Greenbelt Interfaith News
    U.S. News

    September 30, 1997

    Presbyterian "Fidelity And Integrity" Amendment Backers Gather
    By Alexa Smith
    Presbyterian News Service

    Adamant that new constitutional language about standards for church officers in the Presbyterian Church (U.S.A.) is graceless and divisive, 140 backers of a new amendment revising that language, passed by the 209th General Assembly (1997), met last week in Chicago to strategize how to get it affirmed by the presbyteries.

    Comprising largely "big-steeple" pastors from 42 of the denomination's 173 presbyteries, the gathering was convened by two of the PC(USA)'s former moderators – the Rev. John Buchanan of Chicago and the Rev. Robert Bohl of Prairie Village, Kan. – to launch the Covenant Network of Presbyterians (CNP), a group organized solely to support passage of Amendment A.

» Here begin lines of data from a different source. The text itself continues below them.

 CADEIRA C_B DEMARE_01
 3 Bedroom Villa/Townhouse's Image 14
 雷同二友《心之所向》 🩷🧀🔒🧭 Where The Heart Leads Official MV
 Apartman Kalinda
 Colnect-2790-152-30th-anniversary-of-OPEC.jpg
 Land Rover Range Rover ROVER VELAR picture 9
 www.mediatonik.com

    Presbyteries will be debating and voting on Amendment A from early winter until the General Assembly convenes next June in Charlotte, N.C. This vote is the latest volley in a more than 20-year intrachurch battle about whether or not to ordain sexually active homosexuals and, more recently, whether or not to ordain sexually active but unmarried heterosexuals. Passed last spring, the current G-6.0106b – commonly called Amendment B – clearly prohibits both.

    But proponents of Amendment A say the debate this time is not about sexual fidelity as much as it is about fidelity to a theological tradition that puts grace before judgment and about the unity of an increasingly fragmented church. Amendment B, they argue, skews Reformed understandings of sin, particularly sexual sin, scriptural authority and the role of the confessions. They also argue that it is divisive to legislate a solution now to a visceral debate that is so unresolved for many Presbyterians that succeeding General Assemblies have proposed virtually contradictory amendments.

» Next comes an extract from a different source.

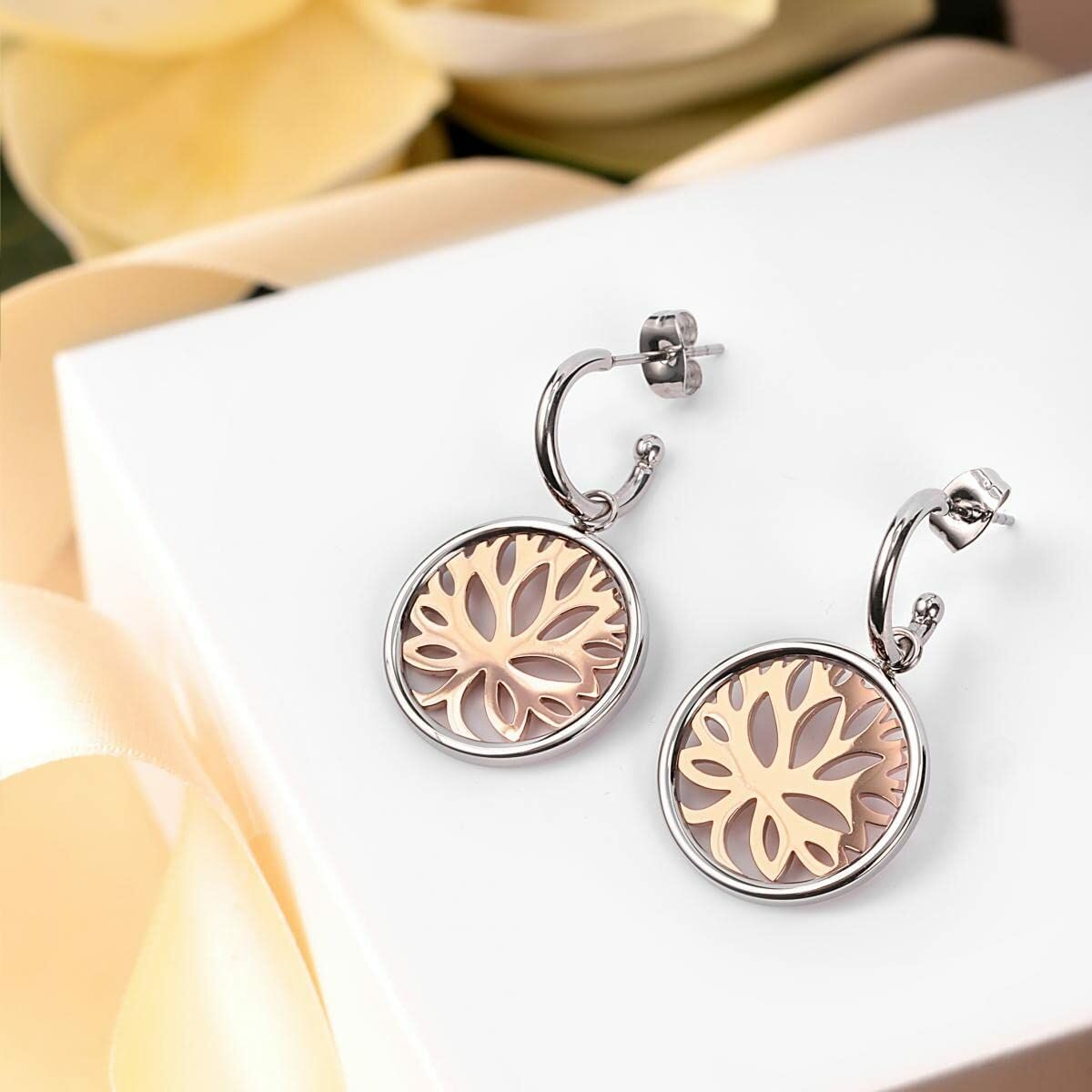 V8HBB90D6845910B4C6D7A18E90F8B5CBF1R3289180P5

    "Amendment A," Buchanan told the Presbyterian News Service, "does not alter our current policy [about ordination of sexually active homosexuals]. But it does, I think, return our `Book of Order' to its foundation on God's grace and our respect for one another as brothers and sisters who disagree. . . .

    "We cannot live as a denomination if we have to resolve this one way or another," he said, describing the fervor of feeling on both sides of the ordination issue. "And in the long run, Amendment A gives us a better chance of holding together, of not driving people out of the church."

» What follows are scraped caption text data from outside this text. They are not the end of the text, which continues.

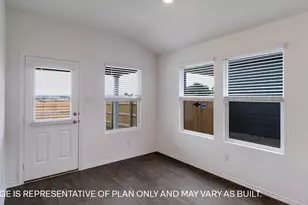 350 San Juan Trl, Bastrop, TX 78602 - Photo 6
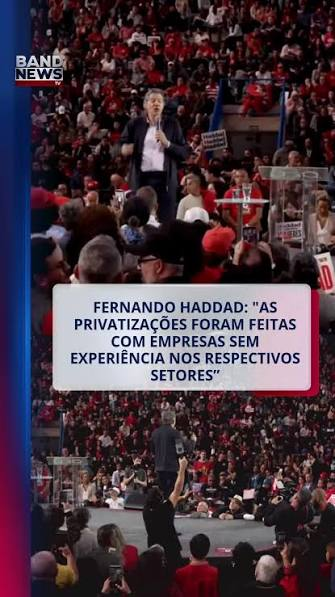 Thiago dos Reis 🇧🇷 tweet media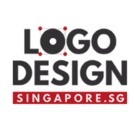 Logo Design Singapore (Subraa)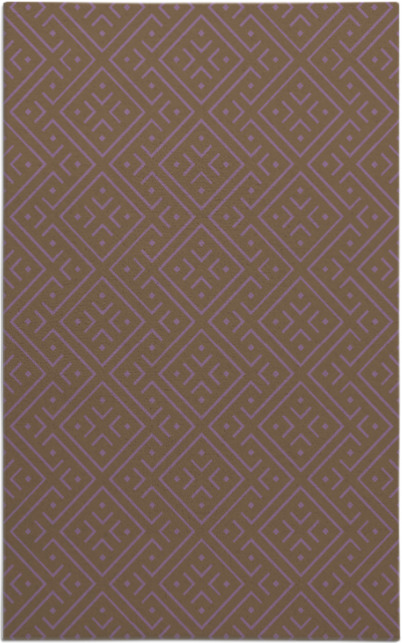 kyra rug - item 372404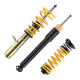 vzmetenje z nastavljivo višino - Coilovers ST Performance coilovers for Bmw 2-series (F22, F23) - type ST X | race-shop.si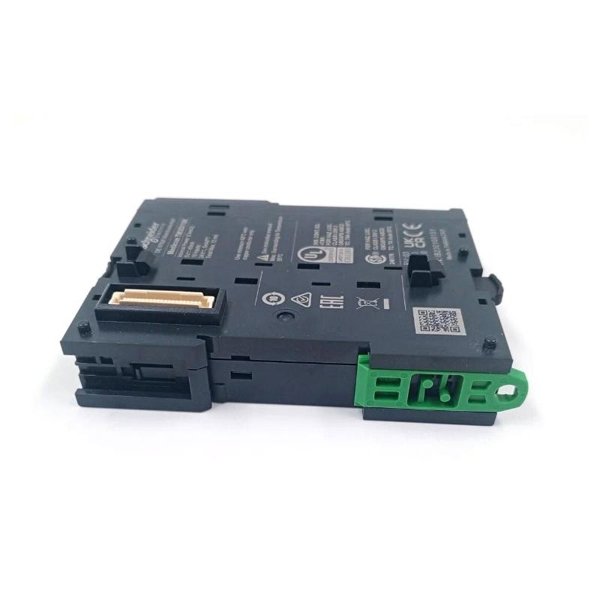 Schneider TM3DI16K Modicon TM3 Discrete Input Module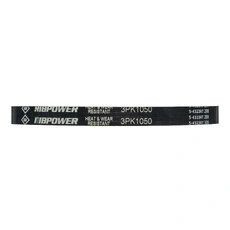 SUN 3PK1050
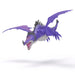 How to train your Dragon Skrill lohikäärme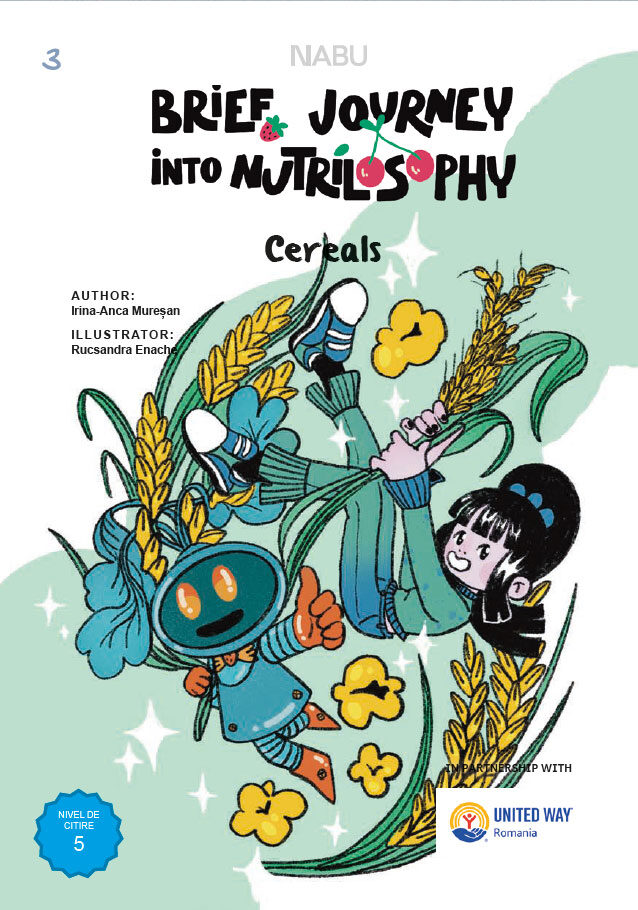 Nutrilosphy-3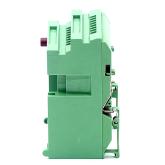 Busklemme IBS STTB ZF 24 Gebraucht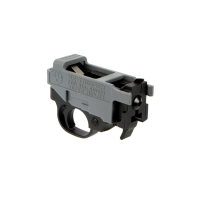 Ruger BX-Trigger for 10/22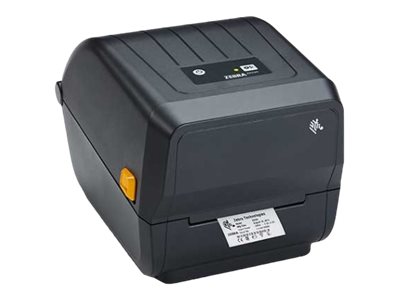 Elara Zebra ZD200 Series ZD230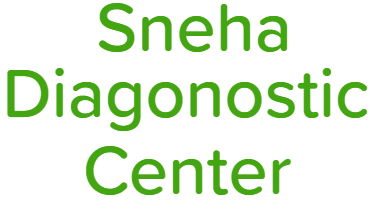 Sneha Diagonostic Center - Rajajinagar - Bangalore Image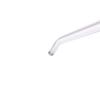 4 Pcs/Set Replaceable Oral Dental Nozzles For Oral Irrigator Dental Water Jet Mouthwash Flosser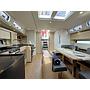 Book yachts online - sailboat - Hanse 460 - freebe - rent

    Princeton Theological Seminary theologian Jane Dempsey Douglass said the tension between preserving tradition and remaining open to ongoing revelation is nothing new within the Reformed tradition. She said that not even the 16th-century Reformers grasped the sinful implications of slavery and the subordination of women that the contemporary church sees now. "The church," she said, "must continue to confess its faith anew [as circumstances change] . . . and as our understanding of [faith] grows."

    But interpreting what it means to be Reformed – or what part of the Reformed tradition gets emphasized – is another aspect of this long-standing debate.

    Citing his own "deep reservations that legislation helps us resolve pastoral problems," Presbyterian Coalition spokesperson the Rev. Jerry Andrews of Chicago said that the concept of covenant is crucial to his own understanding of the Reformed faith – and he has yet to find a model that could replace the biblical standard of a covenant between a man and a woman as the fullest expression of human sexuality.

    The Presbyterian Coalition is the organization that worked to pass Amendment B and is now working to defeat Amendment A.

    Andrews said the denomination needs to address its differences now, not just search for commonalities. "It is the differences that are leading toward division," he said, stressing that no formulation – B or A – has yet brought unity to the PC(USA). "And I advise we stop this before we exhaust the alphabet."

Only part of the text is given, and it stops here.